D1 128-block: A 128-block is a range of 128 code points starting on an even 128 boundary. This is not to be confused with the term block in the generic sense as used by the Unicode Standard.

1.2 Generic BOCU

Binary Ordered Compression for Unicode [BOCU] employs a kind of difference encoding tailored to Unicode text. In compressing a sequence of code points, you subtract the last code point from the current code point, producing a signed delta value that can range from -10FFFF₁₆ to 10FFFF₁₆. The delta is then encoded in a series of bytes. Small differences are encoded in a small number of bytes; larger differences are encoded in a successively larger number of bytes.

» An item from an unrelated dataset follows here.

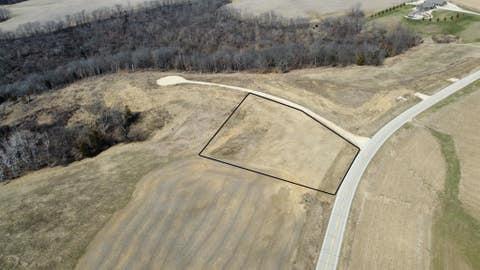 38221 268th Street Bellevue IA 52031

Compression is achieved because normal Unicode text contains sequences of code points from the same script block. Small alphabets are allocated in blocks of 128 code points, so that the difference between two code points from such a block can be encoded with a single byte. Large script blocks like CJK Unihan are covered with 2-byte-encoded differences.

In order to minimize the absolute values of differences and thus improve the compression, the previous code point is adjusted to the middle of a 128-block. This covers a 128-block with differences of -64..+63 around the center code point instead of requiring differences of -127..+127 without the adjustment. A special range check for the larger CJK Unihan block ensures that it is covered with differences of about ±10500 which can be encoded with 2 bytes each.

BOCU preserves binary code point order by encoding differences into byte sequences in such a way that the lexical order of the byte sequences corresponds to the numeric order of the difference values.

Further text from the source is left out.